We all of us want to do the very best we can at our jobs. The very best that we can for our co-op and for our customers. But we can’t when we are denied the proper tools. And it is counter-productive to say nothing when the only reason we do not have the proper tools is that we’re having to find $1 million a year in bank interest to save the face of our Board of Directors and our corporate office.

Case in point. Two days ago, the 5.00pm truck arrived with a huge pallet of soda drink – for one driver to unload. Over a metal flap that caused the heavy pallet to have to drop five inches before riding onto the unloading dock.

This load should have been spread safely over a couple of pallets. It should have required more than one person in the truck to unload. The link to the unloading dock should have been safer.

All of these suggestions are true. But none of them could apply. Because we need to save every penny we can, in order to pay that $1 million in bank interest.

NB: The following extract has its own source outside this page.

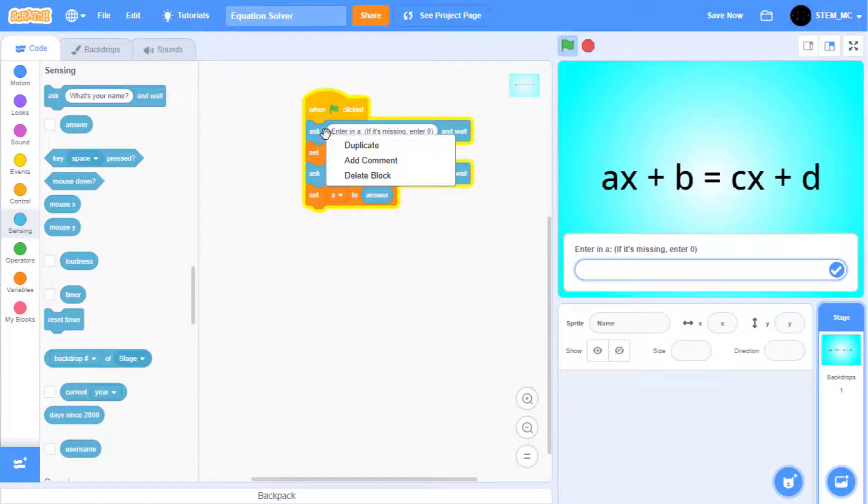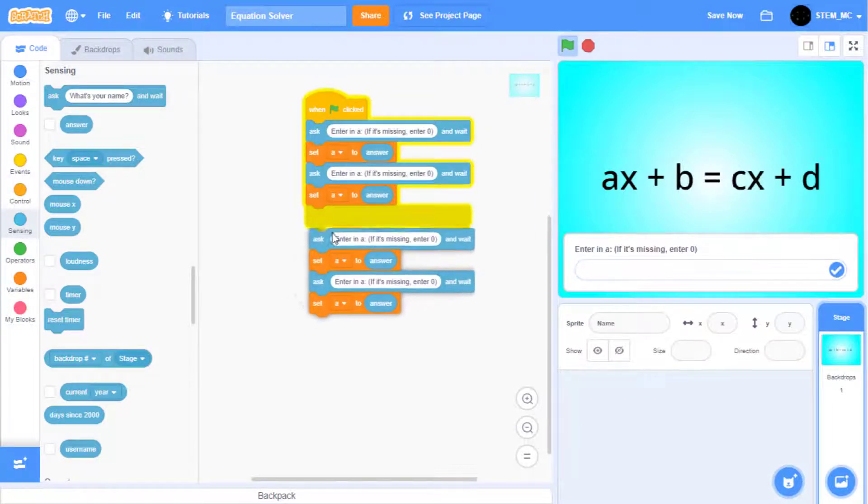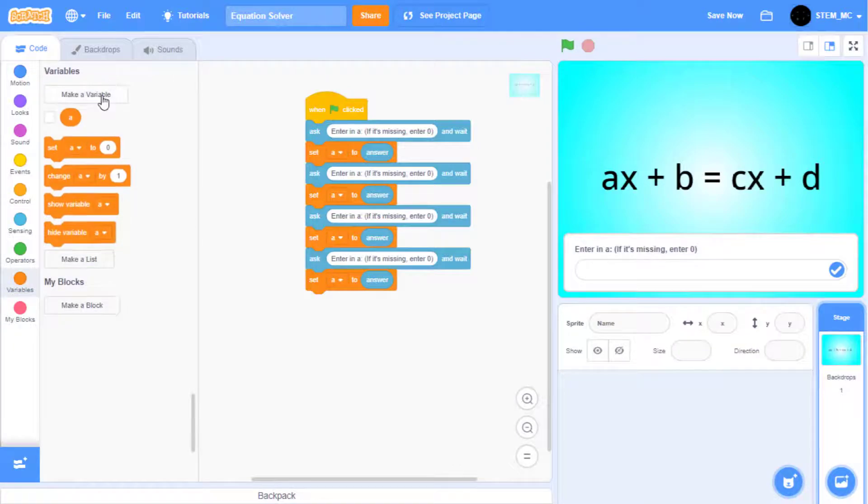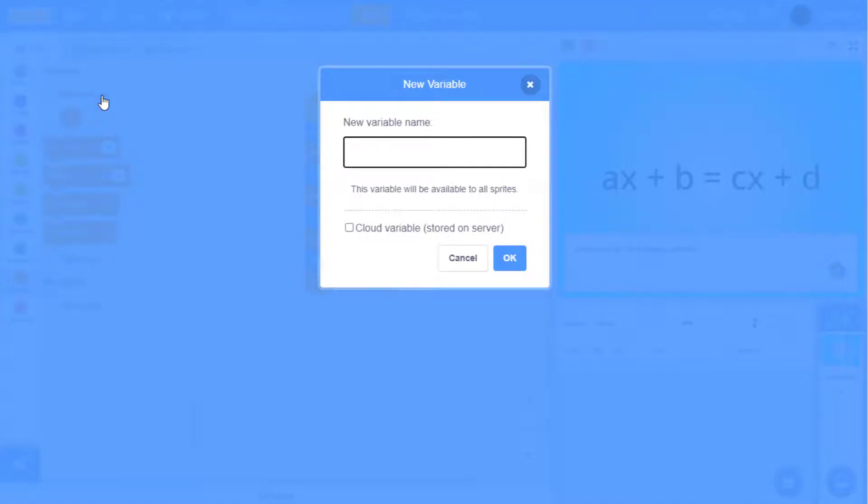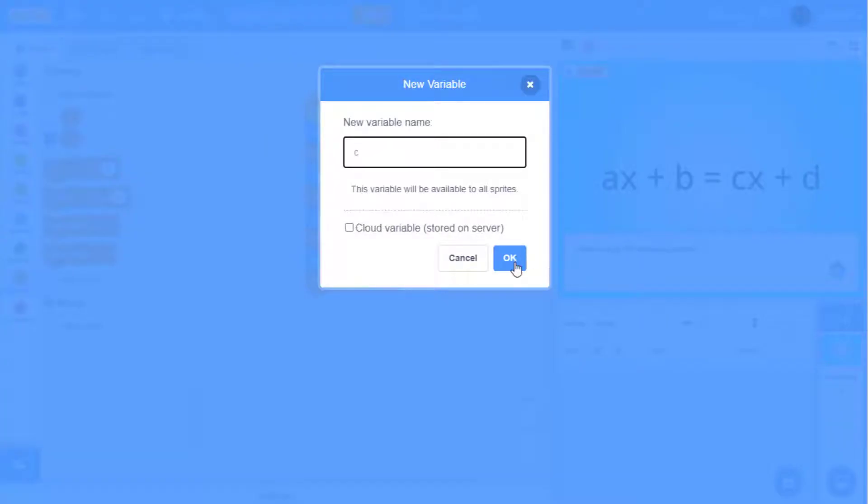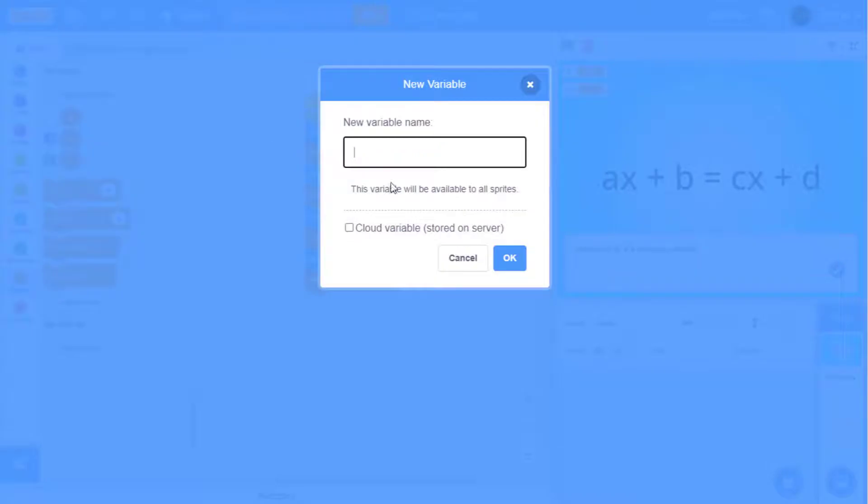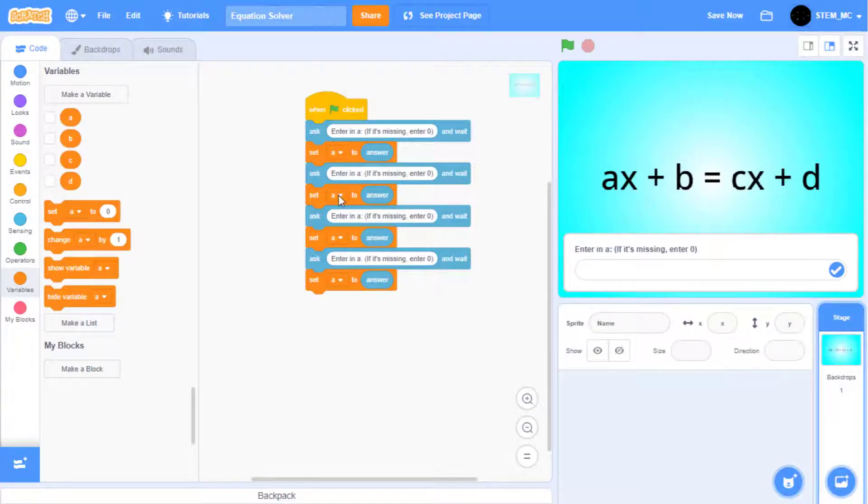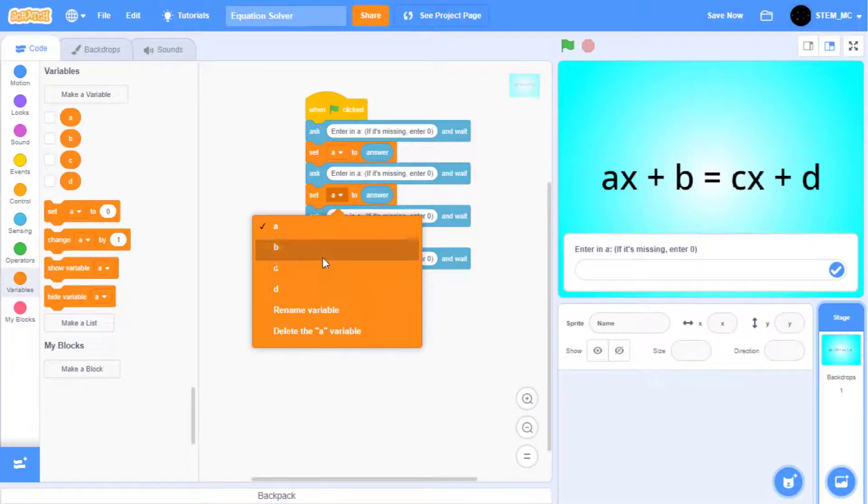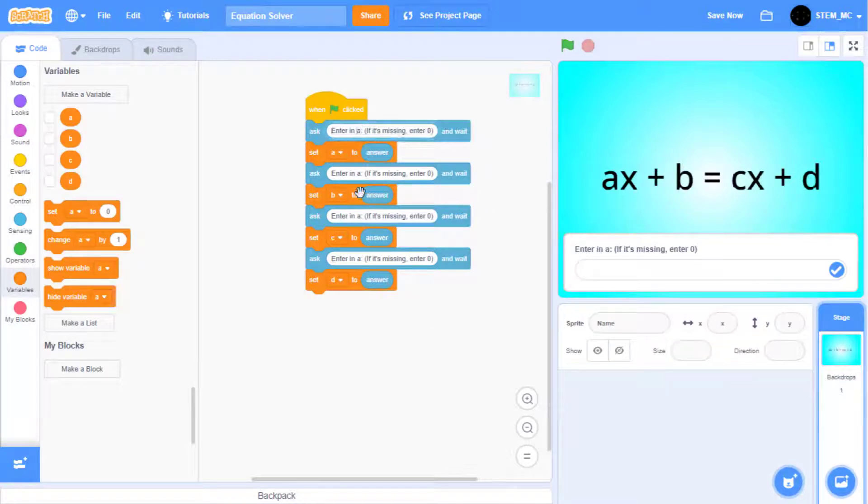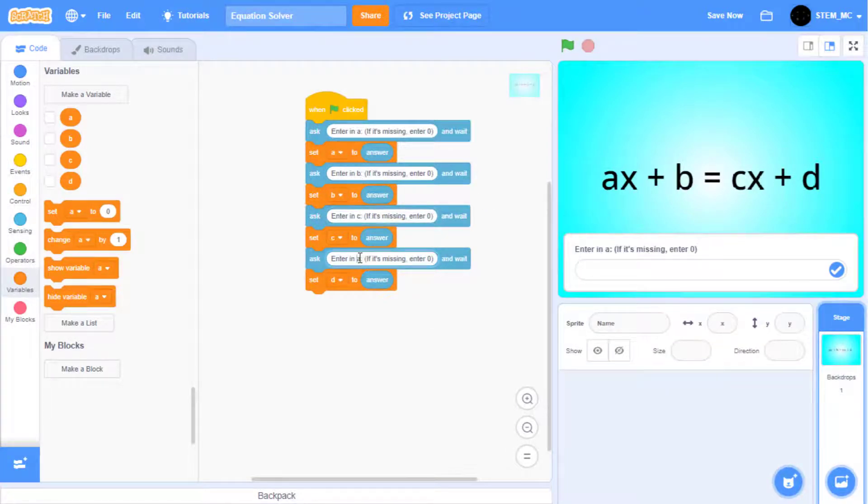Duplicate this until you have four. Create three new variables called B, C, and D. Uncheck these, and then change them. You can also change the text to this.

I used to be a lawyer (in a previous incarnation!). I pointed out that we should not unload the pallet, since electing to engage in a maneuver that was obviously unsafe (and illegal) would deny the opportunity for any injured worker to claim personal injury.

The guys looked at me, blinked and sweat their way through the unloading anyway. Why? Because we have now created an atmosphere in our co-op where you do not question, you do not query and you sure as crap do not advocate. Trust me. I know all about the latter.

This is an appalling state of affairs in what still claims to be a workers’ co-operative. It is in breach of co-operative policy and values. And it is illegal.

It is not negative or pessimistic to point this out. It is why we are a co-operative. It is why we joined a co-operative. So that we could be part of a business paradigm that is not the traditional, capitalist sweatshop.

I, for one, will never render that ambition secondary to the illicit demands of a corporate office that has forgotten who we truly are. And I will certainly never put my health in jeopardy for a corporate office that sits in plush offices behind a combination lock.

Moving right along. What of this claim that the “co-op has returned to break-even after a difficult financial year in 2009”? Sigh, and triple sigh.

Do the corporate office and our General Manager really think that we have forgotten that this was precisely what we were told in 2008 and 2009, as well as now?

And what exactly does the phrase mean? Are we already breaking even? In which case, why do we need the extended hours? Is this to find the $1 million in annual bank interest? If so, why are we not honestly being told that?

If we are not yet breaking even, is this comment based upon the premise that the extended hours will allow us to break even? Is this another infamous corporate office prediction? Will we simply be facing more intrusive demands next year? Demands where we are not properly informed of the rationale and where we have no participation in the decision-making process?

Sigh, and quadruple sigh.

If you think I overstate the case, consider this. We have just introduced an extension of hours, in a totally ill-considered fashion. We have engaged in a panic sale of a prime piece of real estate, against the prevailing trend in property prices. And one of the two co-founders of our co-op just left for greener pastures, in circumstances which one corporate office staffer described as “bizarre.’

Does this strike you as a happy skip down the Yellow Brick Road towards the Emerald City of a “sustainable, financial” future? Or does it strike you as a series of alarm sirens, screaming out for a change in direction, and possibly personnel?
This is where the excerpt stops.